13Si l’impli-citation de Roussel ne semble pas appeler de remarques particulières29, celle de Mathews en revanche fournit à Perec l’occasion d’une assez plaisante manœuvre. Il faut, pour en saisir tout le sel, revenir au texte source des Verts champs de moutarde... On y découvre que la « bouteille de Wachenheimer Oberstnest millésimée » appartient à une liste d’objets figurant dans le scénario d’un film « spécial30 » écrit par le narrateur. Voici l’extrait du scénario :

14Pano latéral sur des rayonnages de verre à l’angle du bureau. Une inscription au pochoir a été fixée au sommet : Introductions anales et vaginales. Travelling avant jusqu’au gros plan et pano sur les rayonnages, révélant quelques uns des objets exposés :

une balle de ping-pong écrasée A

une balle de golf V

une selle de vélo de course V

un stéthoscope A

un moulage de la Vénus de Willendorf V

un rouleau de billets de 10 000 lires A

une matraque de gardien de la paix V

une bouteille de Wachenheimer Oberstnest millésimée A

un robinet en cuivre V

une brosse à dents électrique V

une pierre ponce A

concombres, aubergines, mangues V (maintenant racornis)31.

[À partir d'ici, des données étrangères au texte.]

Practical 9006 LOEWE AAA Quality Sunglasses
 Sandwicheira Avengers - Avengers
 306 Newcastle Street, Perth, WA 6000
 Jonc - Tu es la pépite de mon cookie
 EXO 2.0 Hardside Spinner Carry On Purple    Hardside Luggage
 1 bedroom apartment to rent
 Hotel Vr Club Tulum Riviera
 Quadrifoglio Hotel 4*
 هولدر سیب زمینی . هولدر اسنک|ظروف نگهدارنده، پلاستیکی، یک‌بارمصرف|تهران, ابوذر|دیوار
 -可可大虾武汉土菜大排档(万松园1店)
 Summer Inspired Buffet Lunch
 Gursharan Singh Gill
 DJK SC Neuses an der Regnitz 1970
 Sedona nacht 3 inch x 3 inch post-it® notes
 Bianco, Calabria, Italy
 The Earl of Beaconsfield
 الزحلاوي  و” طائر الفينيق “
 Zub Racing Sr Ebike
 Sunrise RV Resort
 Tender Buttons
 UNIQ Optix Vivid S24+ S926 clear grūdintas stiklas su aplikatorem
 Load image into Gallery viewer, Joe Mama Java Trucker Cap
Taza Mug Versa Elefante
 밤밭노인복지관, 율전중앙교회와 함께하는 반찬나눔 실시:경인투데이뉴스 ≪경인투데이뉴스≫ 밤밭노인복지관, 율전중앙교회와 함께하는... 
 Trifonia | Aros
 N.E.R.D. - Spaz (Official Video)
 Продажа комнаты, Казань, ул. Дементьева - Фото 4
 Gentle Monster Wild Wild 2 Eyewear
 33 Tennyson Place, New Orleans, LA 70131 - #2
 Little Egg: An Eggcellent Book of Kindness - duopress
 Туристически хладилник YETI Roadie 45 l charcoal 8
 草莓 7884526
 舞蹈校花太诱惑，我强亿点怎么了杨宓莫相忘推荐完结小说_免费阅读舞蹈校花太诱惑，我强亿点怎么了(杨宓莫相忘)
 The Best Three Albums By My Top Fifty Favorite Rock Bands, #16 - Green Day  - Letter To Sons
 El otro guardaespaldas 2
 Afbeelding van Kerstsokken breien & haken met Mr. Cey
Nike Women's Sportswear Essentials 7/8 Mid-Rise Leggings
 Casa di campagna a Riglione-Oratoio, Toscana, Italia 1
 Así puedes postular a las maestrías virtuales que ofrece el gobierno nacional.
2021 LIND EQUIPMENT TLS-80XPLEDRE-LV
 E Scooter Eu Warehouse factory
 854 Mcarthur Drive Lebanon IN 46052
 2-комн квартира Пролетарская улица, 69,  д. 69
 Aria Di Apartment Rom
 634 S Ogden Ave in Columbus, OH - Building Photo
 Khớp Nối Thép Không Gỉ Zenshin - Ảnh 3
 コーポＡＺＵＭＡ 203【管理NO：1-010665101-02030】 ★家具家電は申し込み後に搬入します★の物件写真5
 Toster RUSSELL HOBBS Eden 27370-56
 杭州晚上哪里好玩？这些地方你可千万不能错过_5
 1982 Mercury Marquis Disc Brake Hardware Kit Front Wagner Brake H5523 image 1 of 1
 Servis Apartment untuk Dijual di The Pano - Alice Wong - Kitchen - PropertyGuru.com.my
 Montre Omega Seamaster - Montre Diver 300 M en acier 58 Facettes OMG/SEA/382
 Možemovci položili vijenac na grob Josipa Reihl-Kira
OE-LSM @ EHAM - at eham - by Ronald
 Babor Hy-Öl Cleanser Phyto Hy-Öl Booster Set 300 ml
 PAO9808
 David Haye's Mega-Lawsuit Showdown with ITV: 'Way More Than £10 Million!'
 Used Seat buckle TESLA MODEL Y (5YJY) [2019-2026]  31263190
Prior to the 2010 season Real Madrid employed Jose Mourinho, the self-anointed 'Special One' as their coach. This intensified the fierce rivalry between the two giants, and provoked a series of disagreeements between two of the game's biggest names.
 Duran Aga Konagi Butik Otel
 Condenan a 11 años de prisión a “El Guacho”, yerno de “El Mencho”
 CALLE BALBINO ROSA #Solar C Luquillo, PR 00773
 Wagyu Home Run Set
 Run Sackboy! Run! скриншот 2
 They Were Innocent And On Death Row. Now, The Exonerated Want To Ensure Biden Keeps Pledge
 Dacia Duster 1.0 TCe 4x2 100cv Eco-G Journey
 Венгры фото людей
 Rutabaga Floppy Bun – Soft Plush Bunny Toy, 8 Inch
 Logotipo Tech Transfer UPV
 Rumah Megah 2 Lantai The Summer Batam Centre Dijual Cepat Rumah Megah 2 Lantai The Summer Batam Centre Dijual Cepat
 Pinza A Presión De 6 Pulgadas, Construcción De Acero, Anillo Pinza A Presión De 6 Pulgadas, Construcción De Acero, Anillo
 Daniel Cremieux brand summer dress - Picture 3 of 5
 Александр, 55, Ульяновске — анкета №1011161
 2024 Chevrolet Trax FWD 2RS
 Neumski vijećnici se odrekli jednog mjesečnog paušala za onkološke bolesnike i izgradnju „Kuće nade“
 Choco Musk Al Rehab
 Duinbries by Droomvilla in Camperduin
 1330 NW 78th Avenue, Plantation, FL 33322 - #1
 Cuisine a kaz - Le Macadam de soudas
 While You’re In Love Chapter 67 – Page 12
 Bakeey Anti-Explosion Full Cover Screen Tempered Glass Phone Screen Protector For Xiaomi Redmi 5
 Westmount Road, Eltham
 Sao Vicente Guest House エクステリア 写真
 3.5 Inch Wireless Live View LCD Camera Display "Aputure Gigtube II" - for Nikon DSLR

15Comme l’indique l’ « inscription au pochoir », la « bouteille de Wachenheimer Oberstnest millésimée » appartient bien à la série des « introductions », terme fort adéquat pour désigner ces autres « introductions » textuelles que constituent les impli-citations perecquiennes. Mieux : comme le précise la lettre A qui suit sa mention, cette bouteille fait partie des « introductions anales ». Revenons alors au roman de Perec, pour constater que cette introduction anale est particulièrement opportune dans un chapitre intitulé « L’entrée de service », expression dont Rey et Cellard nous rappellent un des sens métaphoriques en français non conventionnel : « Anus, dans un contexte sexuel, comme voie de la sodomisation32. » En choisissant d’introduire ses bouteilles de Wachenheimer Oberstnest millésimées dans « l’entrée de service », Perec ne se contente pas de respecter une contrainte qui lui impose d’utiliser dans ce chapitre une citation d’Harry Mathews ; s’il joue avec cette contrainte, avec le roman de son ami et complice oulipien, il ne va pas jusqu’à inviter dans cette partie le lecteur de son propre roman. En l’occurrence, l’indice qui permettrait de repérer la présence d’une citation grâce aux équivalences métaphoriques : introductionimpli-citation et introduction analeentrée de service se trouve rejeté hors du roman perecquien, dans un intertexte inaccessible au lecteur, puisque le Cahier des charges n’était pas destiné à être publié, du moins dans son intégralité33.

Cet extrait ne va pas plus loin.